Below this line is a set of entries; quote exactly the lines from the line that contains "Digital Scale with" to the line that contains "Rufescent Screech Owl", both lines included.

------------------------------

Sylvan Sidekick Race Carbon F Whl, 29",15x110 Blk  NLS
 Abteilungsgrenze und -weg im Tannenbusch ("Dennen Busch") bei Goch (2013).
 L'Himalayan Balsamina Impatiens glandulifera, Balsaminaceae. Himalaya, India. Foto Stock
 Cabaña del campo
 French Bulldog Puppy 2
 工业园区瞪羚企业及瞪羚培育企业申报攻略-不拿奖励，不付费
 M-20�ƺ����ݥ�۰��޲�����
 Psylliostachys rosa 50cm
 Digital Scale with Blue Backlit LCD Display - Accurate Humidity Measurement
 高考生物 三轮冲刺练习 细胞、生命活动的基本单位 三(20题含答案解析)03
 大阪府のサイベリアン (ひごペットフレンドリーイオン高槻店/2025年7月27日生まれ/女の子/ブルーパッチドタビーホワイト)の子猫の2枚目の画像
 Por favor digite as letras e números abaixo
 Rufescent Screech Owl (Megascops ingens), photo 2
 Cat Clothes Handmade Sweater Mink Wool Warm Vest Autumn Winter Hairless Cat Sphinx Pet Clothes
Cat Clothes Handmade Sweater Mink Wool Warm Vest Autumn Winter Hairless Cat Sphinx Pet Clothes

------------------------------

- **Exercise solution**
 Digital Scale with Blue Backlit LCD Display - Accurate Humidity Measurement
 高考生物 三轮冲刺练习 细胞、生命活动的基本单位 三(20题含答案解析)03
 大阪府のサイベリアン (ひごペットフレンドリーイオン高槻店/2025年7月27日生まれ/女の子/ブルーパッチドタビーホワイト)の子猫の2枚目の画像
 Por favor digite as letras e números abaixo
 Rufescent Screech Owl (Megascops ingens), photo 2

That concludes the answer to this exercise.